(The records begins)

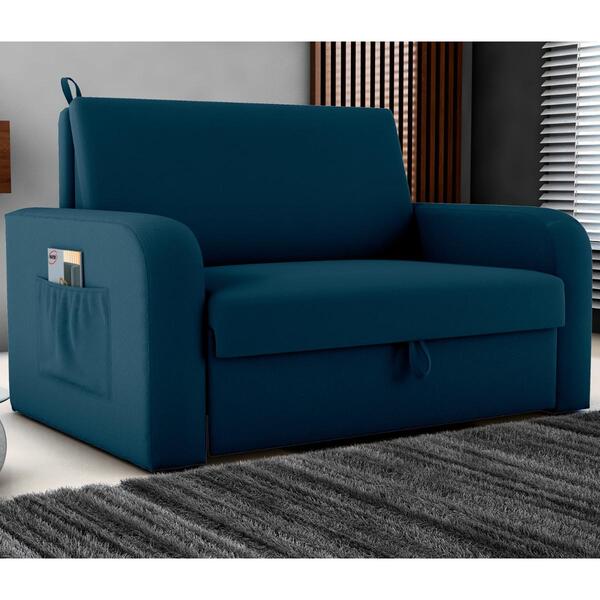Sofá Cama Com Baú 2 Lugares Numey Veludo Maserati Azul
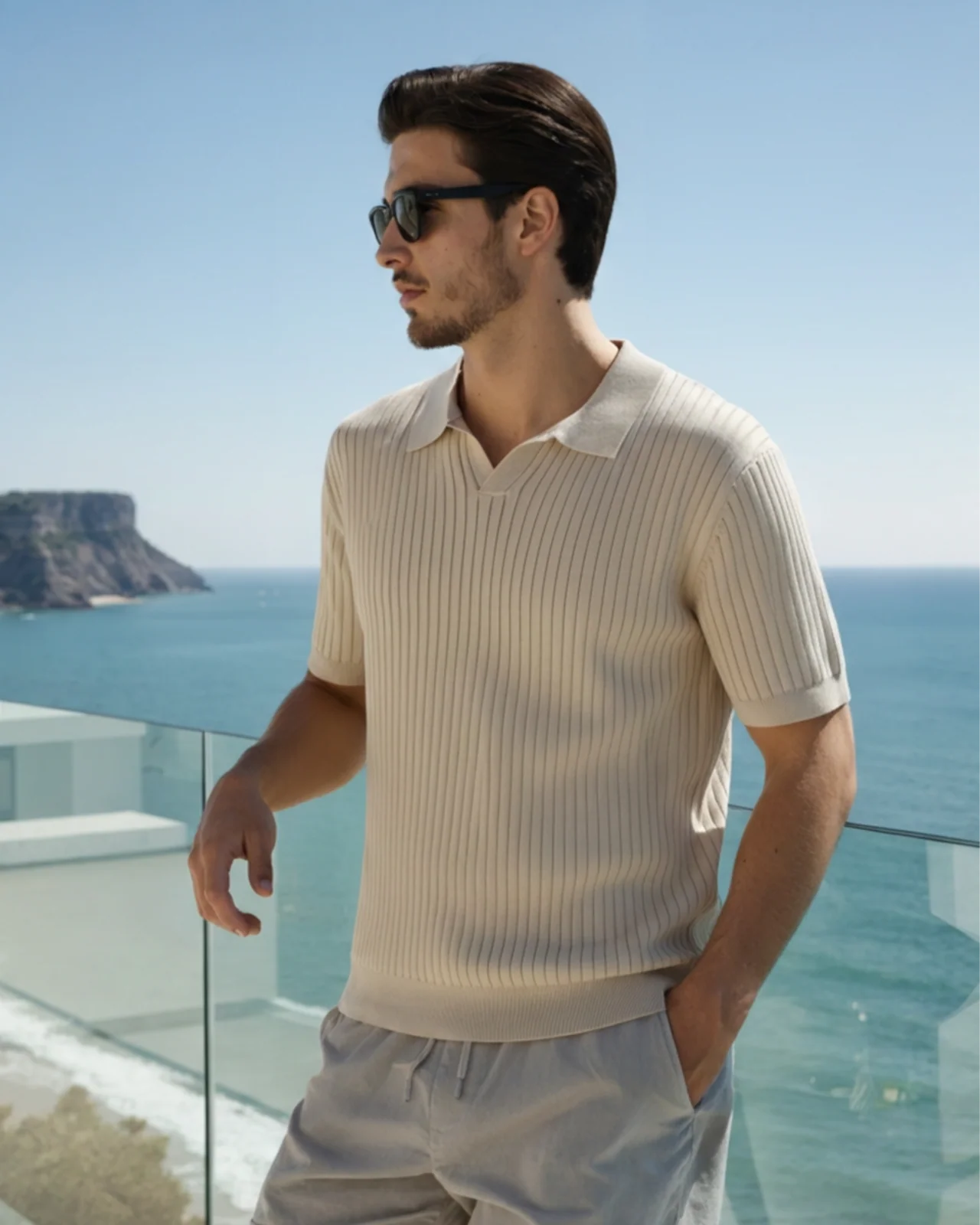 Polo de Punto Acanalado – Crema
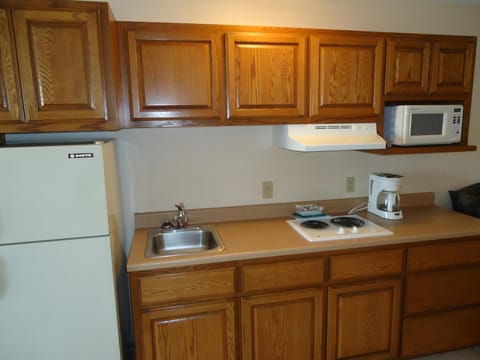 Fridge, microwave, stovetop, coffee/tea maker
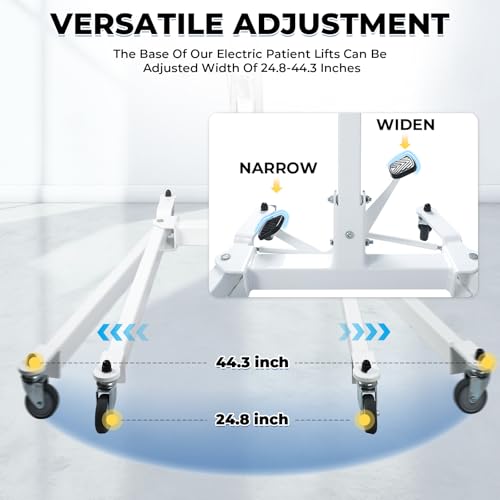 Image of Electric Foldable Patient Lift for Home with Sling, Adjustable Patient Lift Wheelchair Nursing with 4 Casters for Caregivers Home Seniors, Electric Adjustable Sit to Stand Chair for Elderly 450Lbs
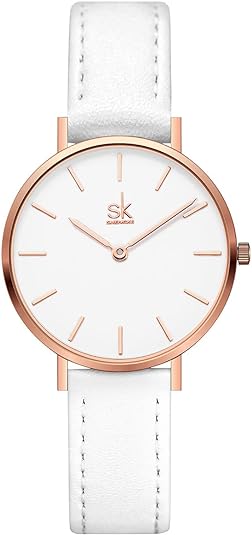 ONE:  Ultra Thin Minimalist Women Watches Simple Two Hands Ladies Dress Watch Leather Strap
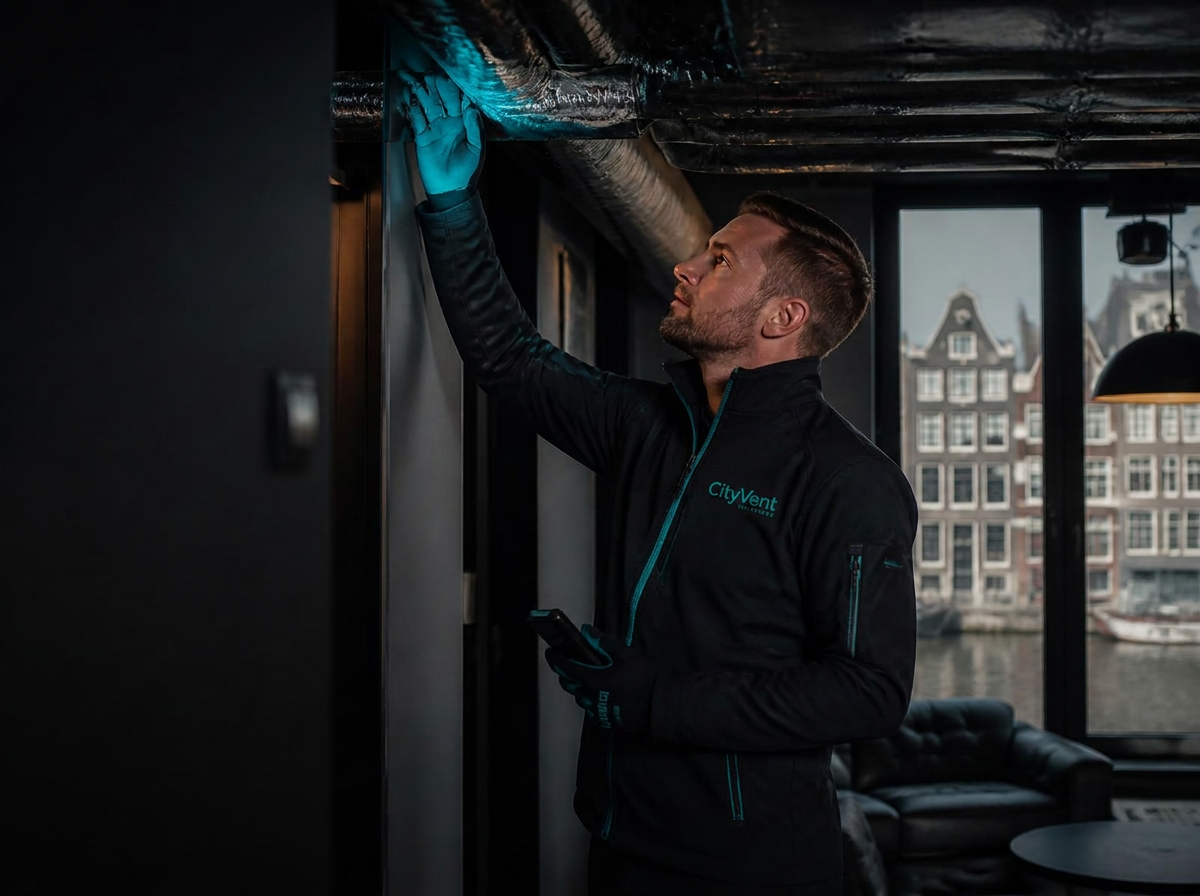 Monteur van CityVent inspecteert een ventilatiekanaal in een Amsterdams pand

(The records ends)
(The records begins)

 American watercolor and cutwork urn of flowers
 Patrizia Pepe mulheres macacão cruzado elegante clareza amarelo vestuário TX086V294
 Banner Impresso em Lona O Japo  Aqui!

(The records ends)

● Assignment:
Nothing but the lines above from the line with "Fridge, microwave, stovetop, coffee/tea" up to and including the line with "Watch Leather Strap" should be returned, exactly as written and without pictures.

● Problem solution:
 Fridge, microwave, stovetop, coffee/tea maker
 Image of Electric Foldable Patient Lift for Home with Sling, Adjustable Patient Lift Wheelchair Nursing with 4 Casters for Caregivers Home Seniors, Electric Adjustable Sit to Stand Chair for Elderly 450Lbs
 ONE:  Ultra Thin Minimalist Women Watches Simple Two Hands Ladies Dress Watch Leather Strap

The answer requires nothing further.